CHIETI È indagato per omicidio colposo plurimo l'autista del tir che, nel primo pomeriggio di venerdì, ha causato l'incidente sull'autostrada A14 nel quale hanno perso la vita due coniugi belgi. Il sostituto procuratore Marika Ponziani ha aperto un'inchiesta per chiarire la dinamica del maxi-tamponamento iscrivendo nel registro degli indagati R.G., 51 anni, residente a Pianella. Il pm ha disposto anche il sequestro del tir e della Mercedes sulla quale viaggiano Cristine Marie Fafra, 68 anni, e suo marito Ugo Mastrangioli, 70, originario della provincia di Campobasso. Entrambi, dopo il terribile schianto avvenuto tra Ortona e Lanciano, sono morti sul corpo: erano diretti a San Felice del Molise, dove avrebbero trascorso le vacanze estive.
IL TIR NON CORREVA
Le indagini sono portate avanti dalla Polizia stradale, coordinata dal comandante Fabio Santone, che mantiene il più stretto riserbo sugli accertamenti in corso. Ma, secondo quanto trapelato, il tir non procedeva a velocità elevata. E allora cos'è successo in quei drammatici secondi?
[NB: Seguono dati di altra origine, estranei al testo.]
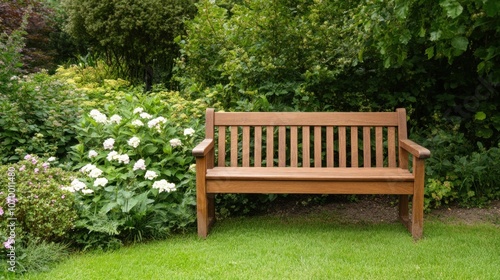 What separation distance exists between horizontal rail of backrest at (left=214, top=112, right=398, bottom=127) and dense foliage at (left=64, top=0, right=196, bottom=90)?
5125mm

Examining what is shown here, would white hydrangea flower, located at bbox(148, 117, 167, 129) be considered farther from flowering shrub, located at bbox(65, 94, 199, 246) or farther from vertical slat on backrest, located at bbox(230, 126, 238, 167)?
vertical slat on backrest, located at bbox(230, 126, 238, 167)

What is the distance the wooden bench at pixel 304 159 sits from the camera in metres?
4.39

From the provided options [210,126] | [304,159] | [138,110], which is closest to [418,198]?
[304,159]

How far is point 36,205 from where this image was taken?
155 inches

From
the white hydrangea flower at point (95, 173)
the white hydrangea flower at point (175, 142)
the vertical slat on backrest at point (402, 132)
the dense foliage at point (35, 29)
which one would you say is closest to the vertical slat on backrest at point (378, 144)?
the vertical slat on backrest at point (402, 132)

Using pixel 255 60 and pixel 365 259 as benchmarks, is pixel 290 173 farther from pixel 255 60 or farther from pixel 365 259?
pixel 255 60

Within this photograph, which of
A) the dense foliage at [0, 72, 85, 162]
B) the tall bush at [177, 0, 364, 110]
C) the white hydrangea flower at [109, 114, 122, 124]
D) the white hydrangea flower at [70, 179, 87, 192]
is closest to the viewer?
the white hydrangea flower at [70, 179, 87, 192]

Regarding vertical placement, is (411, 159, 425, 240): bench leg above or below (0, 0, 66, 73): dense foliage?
below

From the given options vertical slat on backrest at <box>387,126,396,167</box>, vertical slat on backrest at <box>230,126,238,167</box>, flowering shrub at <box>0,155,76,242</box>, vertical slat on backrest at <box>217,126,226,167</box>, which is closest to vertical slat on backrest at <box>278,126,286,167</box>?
vertical slat on backrest at <box>230,126,238,167</box>

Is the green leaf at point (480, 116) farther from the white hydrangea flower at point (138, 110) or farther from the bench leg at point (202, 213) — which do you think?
the white hydrangea flower at point (138, 110)

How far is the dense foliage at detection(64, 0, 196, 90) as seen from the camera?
9.86 meters

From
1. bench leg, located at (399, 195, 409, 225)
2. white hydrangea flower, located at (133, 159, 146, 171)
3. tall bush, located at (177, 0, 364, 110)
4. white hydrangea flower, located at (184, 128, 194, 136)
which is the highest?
tall bush, located at (177, 0, 364, 110)

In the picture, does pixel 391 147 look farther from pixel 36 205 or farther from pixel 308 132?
pixel 36 205

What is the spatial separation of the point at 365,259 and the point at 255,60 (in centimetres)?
264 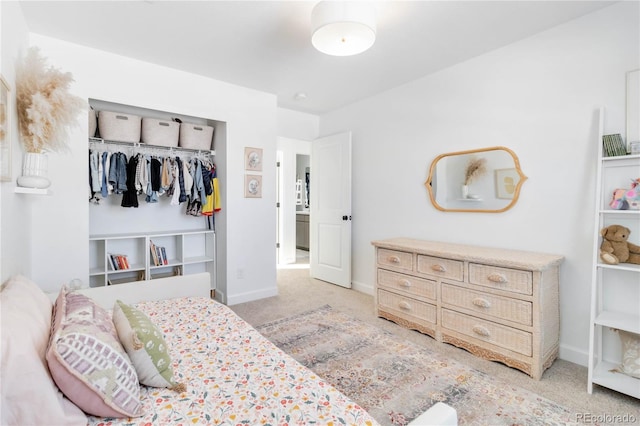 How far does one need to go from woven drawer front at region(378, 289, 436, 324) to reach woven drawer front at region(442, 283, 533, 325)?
0.65 feet

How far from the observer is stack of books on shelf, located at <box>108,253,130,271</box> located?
3125 millimetres

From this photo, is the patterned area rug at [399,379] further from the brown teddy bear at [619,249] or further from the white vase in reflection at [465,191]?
the white vase in reflection at [465,191]

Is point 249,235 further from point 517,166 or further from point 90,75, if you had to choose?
point 517,166

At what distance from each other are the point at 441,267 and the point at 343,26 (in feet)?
6.43

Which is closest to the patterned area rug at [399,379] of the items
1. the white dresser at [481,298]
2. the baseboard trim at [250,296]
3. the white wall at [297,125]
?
the white dresser at [481,298]

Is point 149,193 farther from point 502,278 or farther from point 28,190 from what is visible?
point 502,278

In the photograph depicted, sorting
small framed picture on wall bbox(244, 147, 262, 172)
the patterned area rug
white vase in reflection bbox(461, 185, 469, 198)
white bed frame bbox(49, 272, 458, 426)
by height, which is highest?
small framed picture on wall bbox(244, 147, 262, 172)

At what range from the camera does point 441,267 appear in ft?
8.61

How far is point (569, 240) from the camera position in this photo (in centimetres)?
236

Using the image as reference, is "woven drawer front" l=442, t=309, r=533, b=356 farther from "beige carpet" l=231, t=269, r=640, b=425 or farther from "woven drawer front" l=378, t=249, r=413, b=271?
"woven drawer front" l=378, t=249, r=413, b=271

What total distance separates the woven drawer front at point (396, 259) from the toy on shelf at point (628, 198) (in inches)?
56.8

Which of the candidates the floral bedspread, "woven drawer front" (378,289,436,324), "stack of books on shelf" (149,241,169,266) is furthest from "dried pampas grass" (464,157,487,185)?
"stack of books on shelf" (149,241,169,266)

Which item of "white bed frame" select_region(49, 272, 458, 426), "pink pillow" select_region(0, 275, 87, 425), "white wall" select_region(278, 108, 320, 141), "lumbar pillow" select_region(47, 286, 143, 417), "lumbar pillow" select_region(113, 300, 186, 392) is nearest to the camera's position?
"pink pillow" select_region(0, 275, 87, 425)

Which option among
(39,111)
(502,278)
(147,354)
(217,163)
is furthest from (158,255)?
(502,278) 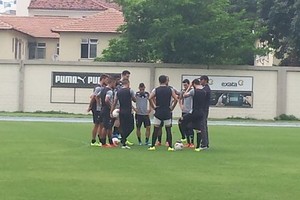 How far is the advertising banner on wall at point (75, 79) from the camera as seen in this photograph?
40.5 m

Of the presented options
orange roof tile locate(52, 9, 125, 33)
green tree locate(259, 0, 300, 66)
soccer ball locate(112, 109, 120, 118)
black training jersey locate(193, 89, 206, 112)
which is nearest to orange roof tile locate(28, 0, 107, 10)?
orange roof tile locate(52, 9, 125, 33)

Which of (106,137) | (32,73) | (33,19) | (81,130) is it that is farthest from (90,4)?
(106,137)

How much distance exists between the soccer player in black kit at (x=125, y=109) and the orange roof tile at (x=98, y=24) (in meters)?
33.8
Restano in piedi diverse ipotesi: dalla distrazione al guasto meccanico. Non è neppure da escludere che l'autista sia stato abbagliato dal sole. Certo è che, come specifica Santone, «il tratto della A14 chietino, della lunghezza di 76 km, si caratterizza per una elevata percentuale (oltre il 20%) di viadotti e gallerie con pendenze spesso superiori al 5% e un sensibile dislivello altimetrico rispetto alla Ss 16 a differenza per esempio del tratto teramano o marchigiano dove l'altimetri è la stessa. Si tratta di caratteristiche che in presenza di traffico possono portare a una qualche problematica».